## Instructions to follow
From the first line to the last, print the material exactly, skipping the pictures.

## Material provided
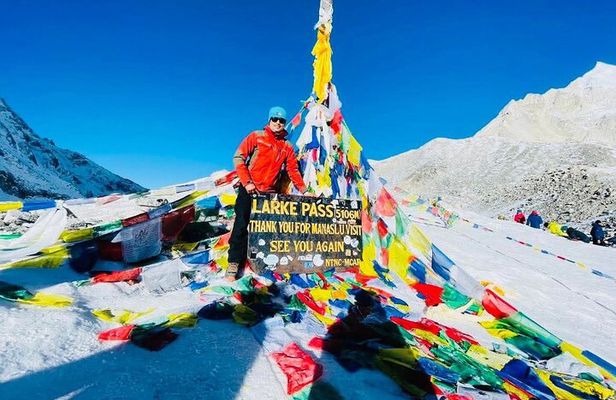 Private Manaslu Circuit Trek at Himalayas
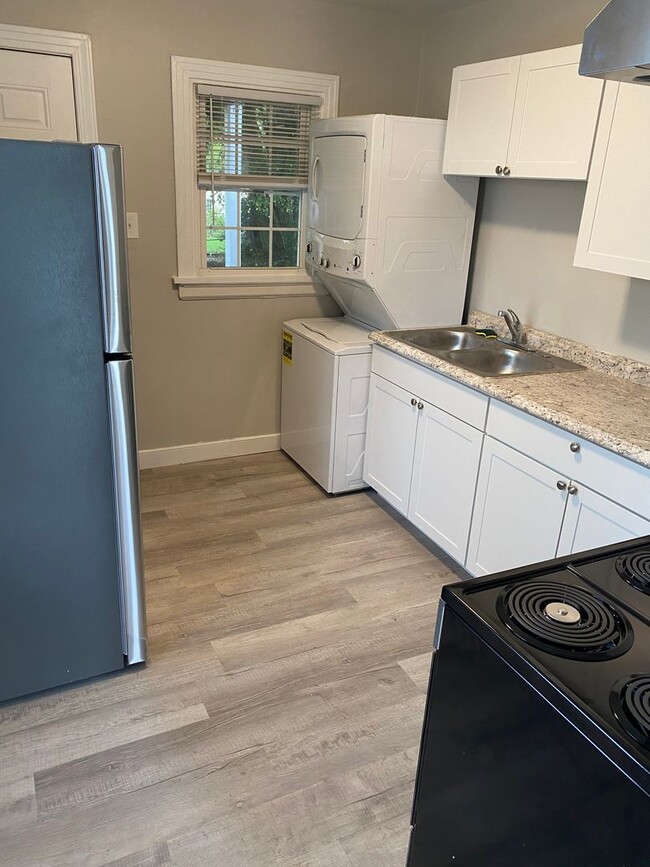 Photo - 1/2 Off 1st Month's Rent!! 2 bedroom House in the Randolph Community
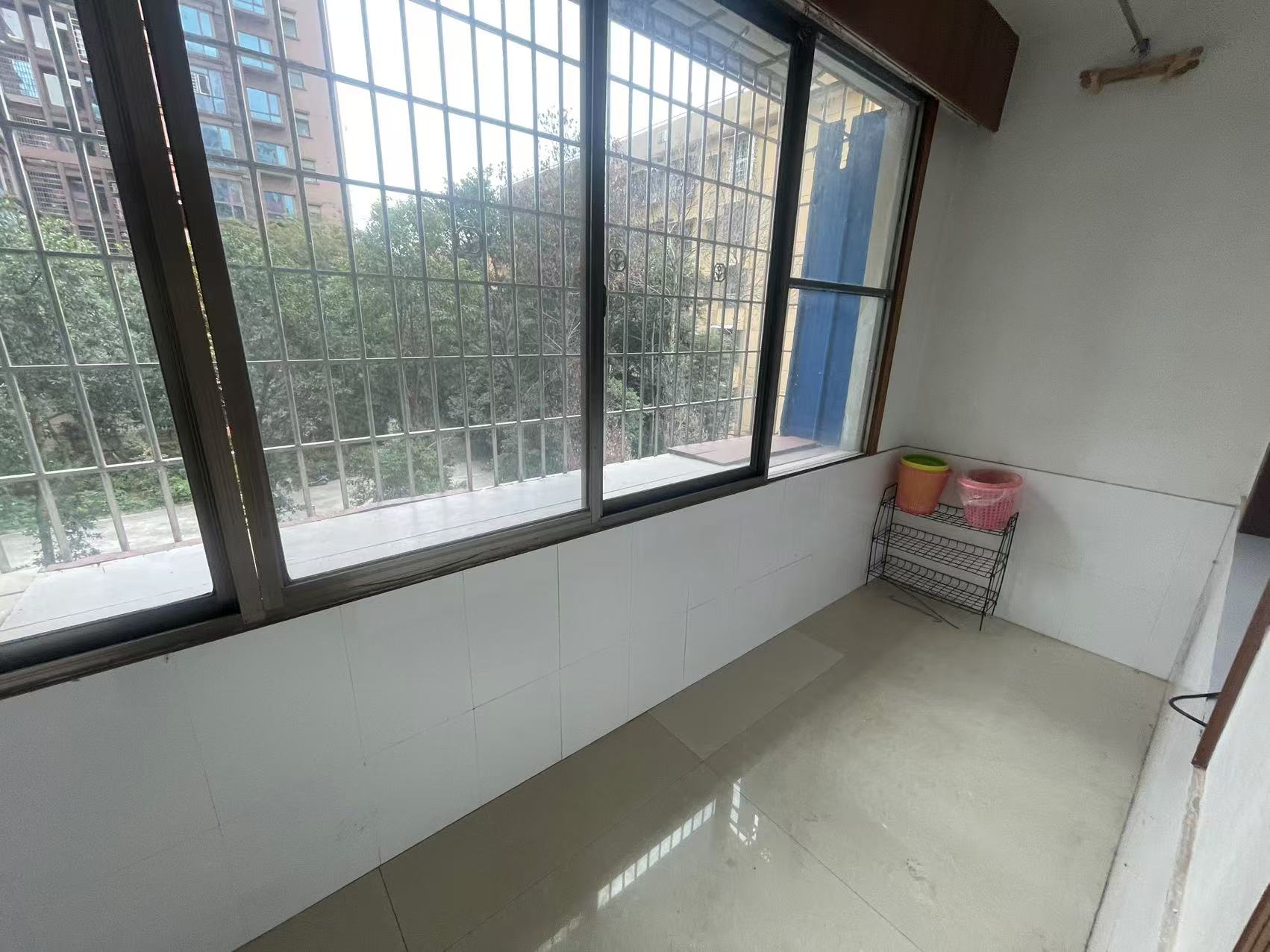 八一橡胶厂(长青中街) 3室2厅2卫 900.0元/月 八一橡胶厂(长青中街) 3室2厅2卫 900.0元/月室内图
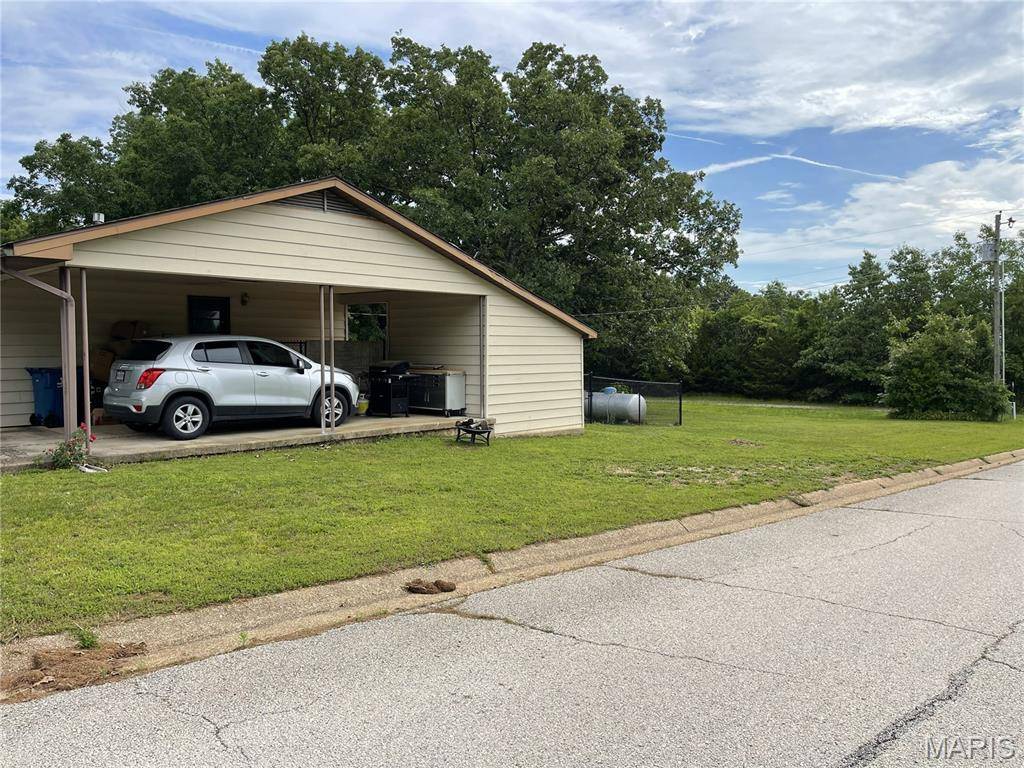 28 Crescent DR, Viburnum, MO 65566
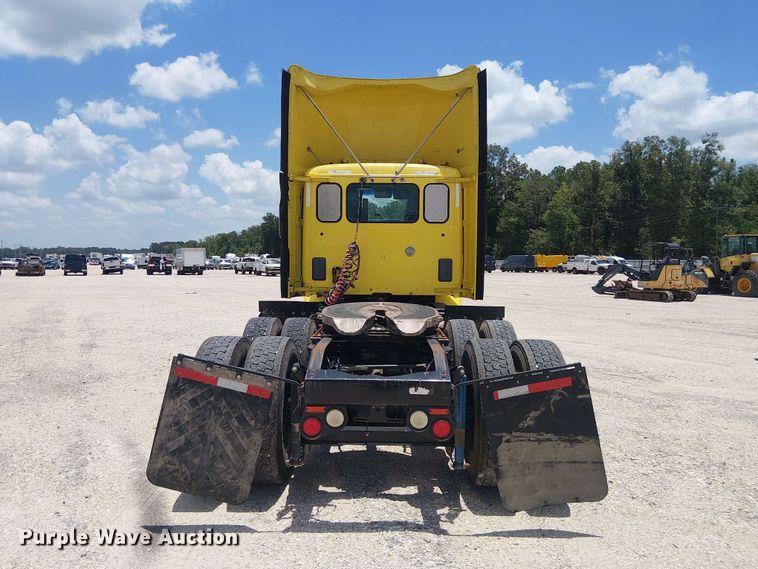 image for item YA4058 2017 Peterbilt 579 semi truck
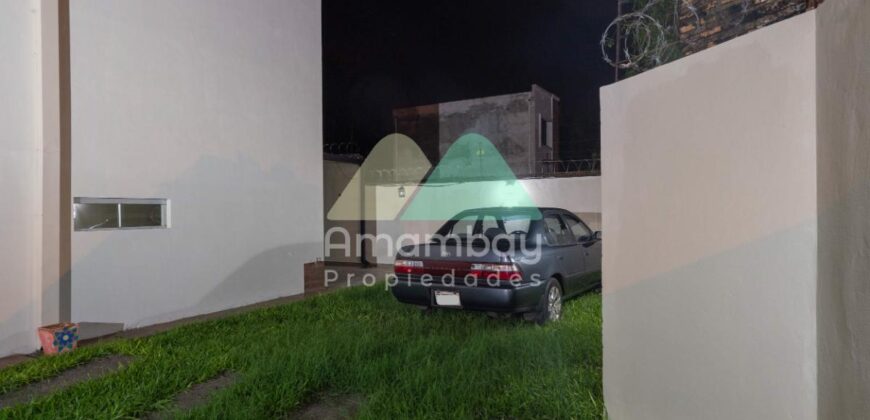 0339 DÚPLEX EN BARRIO ITÁ ENRAMADA, ZONA YACHT Y GOLF CLUB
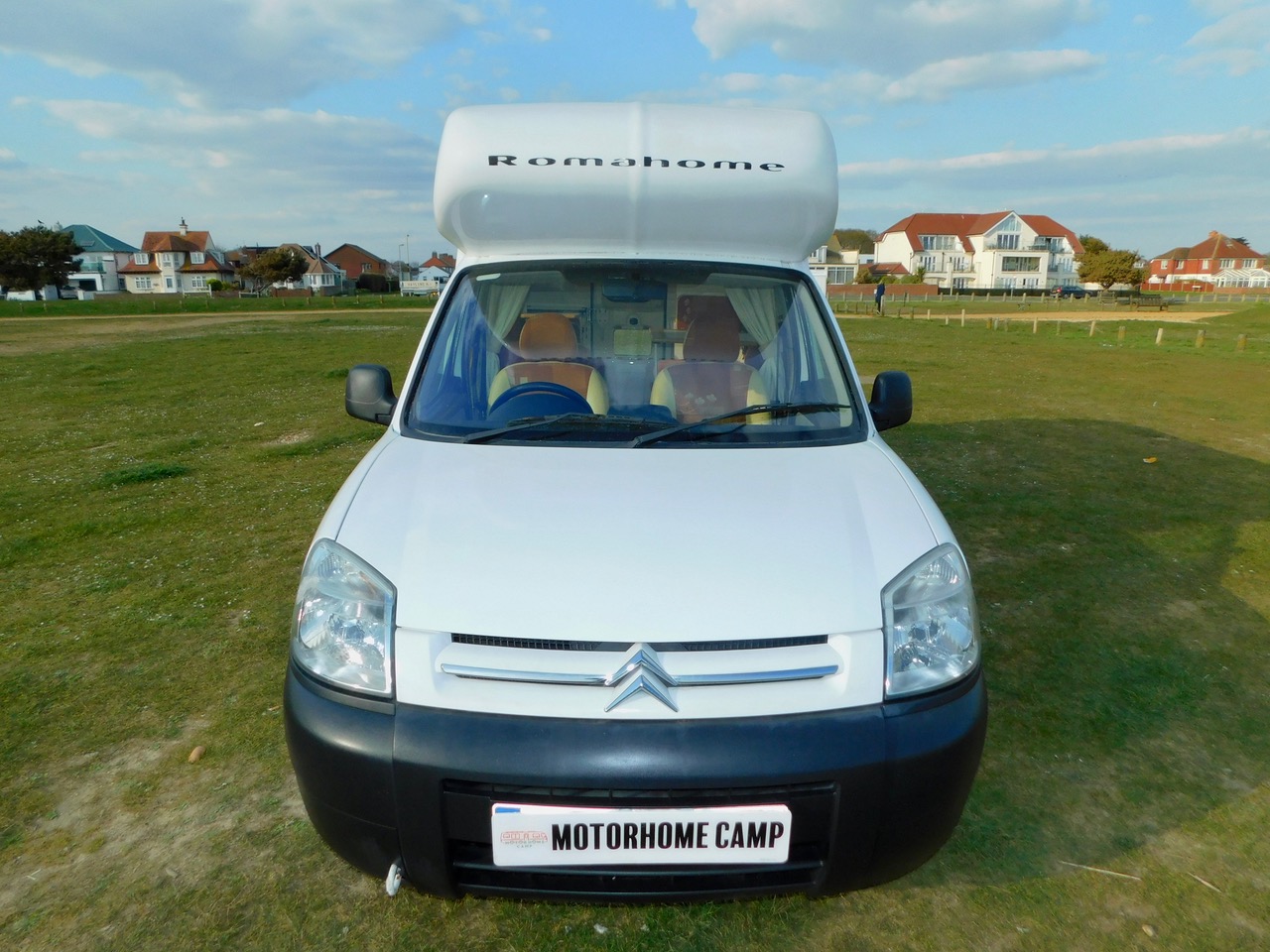 Romahome R20 Outlook EXCLUSIVE Citroen 2.0 Hdi with Pullman Dinette, 4 Travelling SEAT BELTS and TOILET 2006 with 55,288 miles from New.. £24,999 - Image 2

## Output of the exercise
 Private Manaslu Circuit Trek at Himalayas
 Photo - 1/2 Off 1st Month's Rent!! 2 bedroom House in the Randolph Community
 八一橡胶厂(长青中街) 3室2厅2卫 900.0元/月 八一橡胶厂(长青中街) 3室2厅2卫 900.0元/月室内图
 28 Crescent DR, Viburnum, MO 65566
 image for item YA4058 2017 Peterbilt 579 semi truck
 0339 DÚPLEX EN BARRIO ITÁ ENRAMADA, ZONA YACHT Y GOLF CLUB
 Romahome R20 Outlook EXCLUSIVE Citroen 2.0 Hdi with Pullman Dinette, 4 Travelling SEAT BELTS and TOILET 2006 with 55,288 miles from New.. £24,999 - Image 2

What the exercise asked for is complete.